- PROBLEM TO WORK ON: Among the entries below, retype exactly the lines starting with the one with "1 kilo palladium baar voorkant" and going on through the one with "Claire Elsworth Design", but not the pictures.

- GIVEN RECORDS:
------------------------------------------------------------

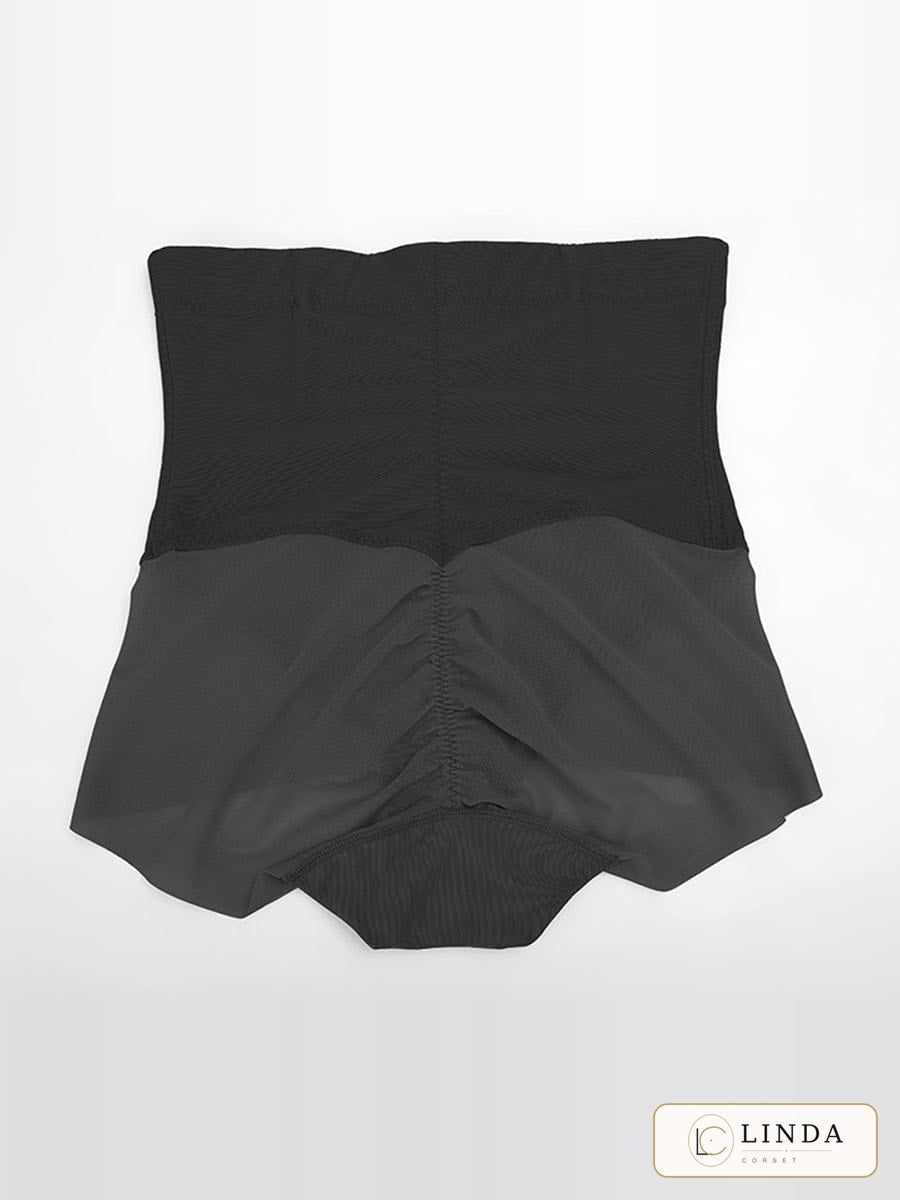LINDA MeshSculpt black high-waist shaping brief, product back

------------------------------------------------------------

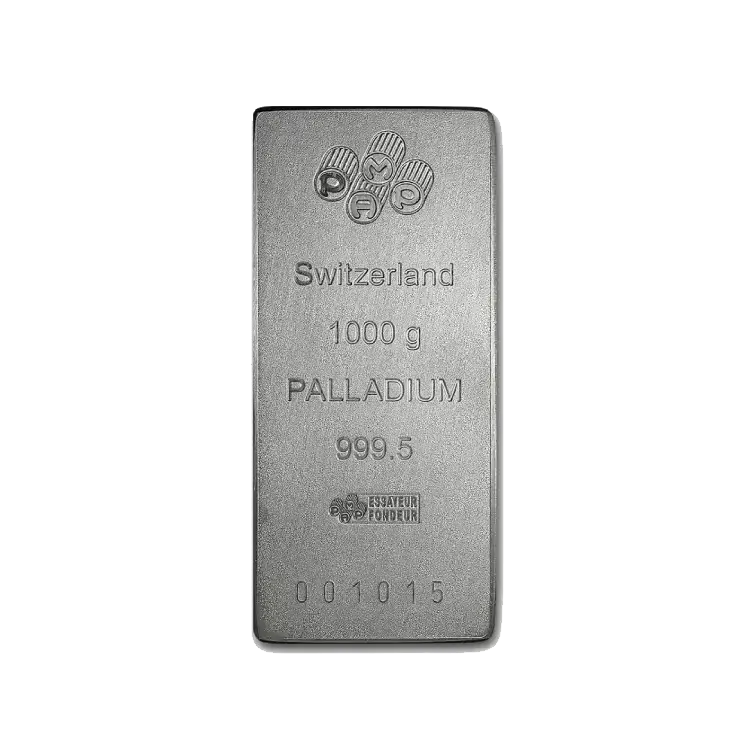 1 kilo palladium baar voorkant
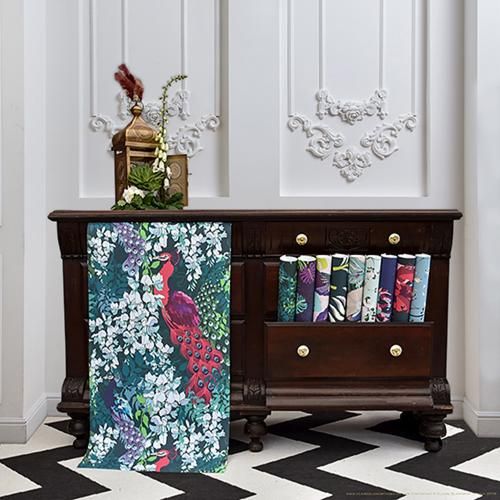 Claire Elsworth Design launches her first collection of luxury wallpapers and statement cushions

------------------------------------------------------------

- SOLVED EXERCISE:
 1 kilo palladium baar voorkant
 Claire Elsworth Design launches her first collection of luxury wallpapers and statement cushions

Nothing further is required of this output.